"Pray assure him that the value of the copy of the Christian Commonwealth is to be much enhanced by the fact that it bears his autograph notes, and that I feel deeply honoured by the terms in which he has been good enough to express himself in his note to you, which I have read with great interest and which I enclose. I shall always regret that I had not the honour and pleasure of meeting him at Weston, but my time was too short….
"Believe me,
"Yours very faithfully,
"S. W. Griffith."
Mr. and Mrs. Frederick Pennington were great friends of Newman's, and he often stayed with them from time to time. By the kindness of Mrs. Pennington I am able to quote from some letters written by him in 1881-90, and one much earlier, in 1875, in which he laments the death of Mrs. Blackburn. Mrs. Blackburn was a sister of Mr. Pennington's, and one of the most munificent of contributors to the United Kingdom Alliance in its early days, who (I am told by Mrs. Pennington) often denied herself many luxuries in order to be able to make her contributions larger. She describes her as one of the best women she had ever known.
Newman, in his letter to Mr. Pennington in 1875, says of Mrs. Blackburn:—
"I have known her ever since Michaelmas 1869, when the revelation was first made to us of the Contagious Diseases Act; and at the Congress of Social Science at Bristol she was pleased to receive my hospitality. My esteem for her was great and ever increasing…."

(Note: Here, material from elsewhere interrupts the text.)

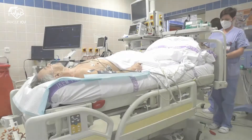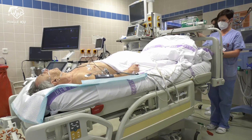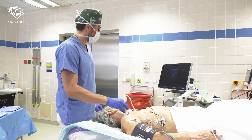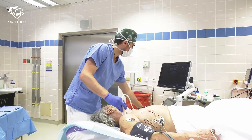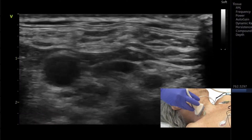Before CVC insertion, place the bed in mild Trendelenburg position that will decrease the risk of air embolism and ensures maximum venous filling. Before scrubbing up, perform a provisional ultrasound to check vein patency and exclude thrombosis.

He goes on to say that his dread of cold and chills makes him fear a long journey, "though it is mortifying to me not to meet you and Mrs. Pennington, and many other earnest friends of this very important cause."
In 1881 Gladstone was Prime Minister, and stayed in office for five years. For almost the whole of this time the country was hardly ever at peace. The Transvaal rebellion was started in 1880 and later our own troops were defeated by the insurrectionists; whereupon the Government promptly surrendered the Transvaal.
About this time Newman writes to Mrs. Pennington:
"_I am not a member of Cambridge University, nor indeed of Oxford University since 1830. If I had kept my name on the book, I should have paid £6 a year, if I remember; that is, £300 in these fifty years; and as I never took my M.A. degree (because of the 39 Articles), I should even then have no vote.